:: SUPPLIED DATA ::
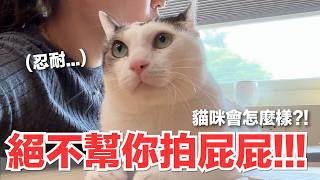 【好味小姐】絕不幫你拍屁屁！！！貓咪會怎麼樣？！｜好味貓日常270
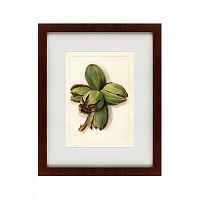 картина: watercolor collection, drawing №1, 1909 в Ставрополе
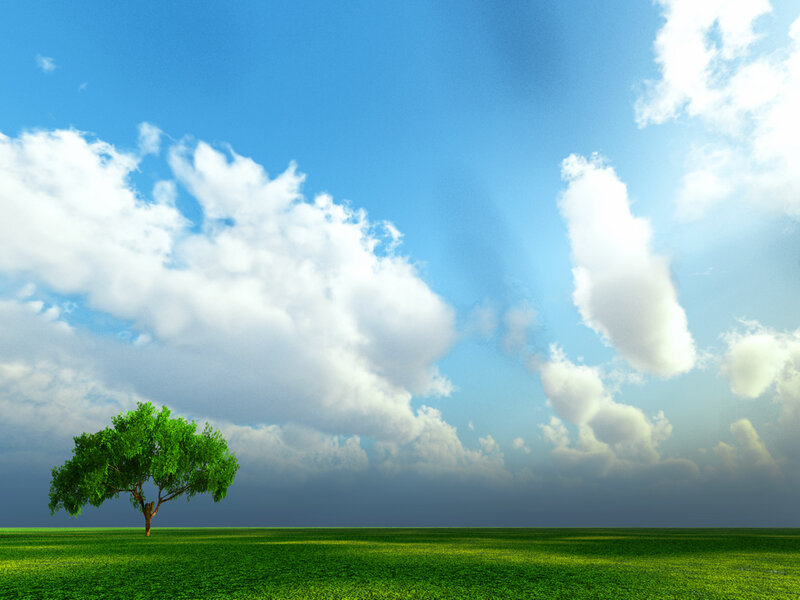 solitary tree in green field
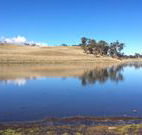 Bombala Maneroo Motel - Bombala - Accommodation Sunshine Coast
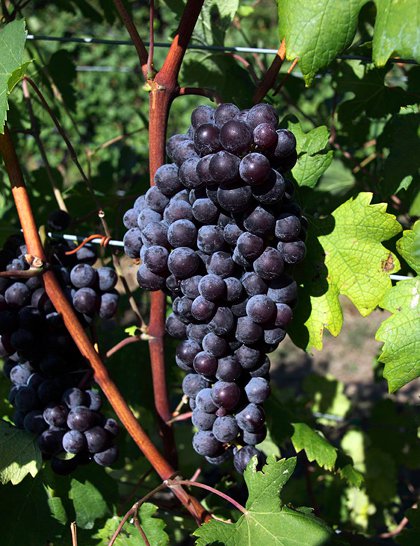 Virginia Viticulture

:: TASK TO COMPLETE ::
Please copy the data shown above word for word, omitting the pictures.

:: PROBLEM SOLUTION ::
 【好味小姐】絕不幫你拍屁屁！！！貓咪會怎麼樣？！｜好味貓日常270
 картина: watercolor collection, drawing №1, 1909 в Ставрополе
 solitary tree in green field
 Bombala Maneroo Motel - Bombala - Accommodation Sunshine Coast
 Virginia Viticulture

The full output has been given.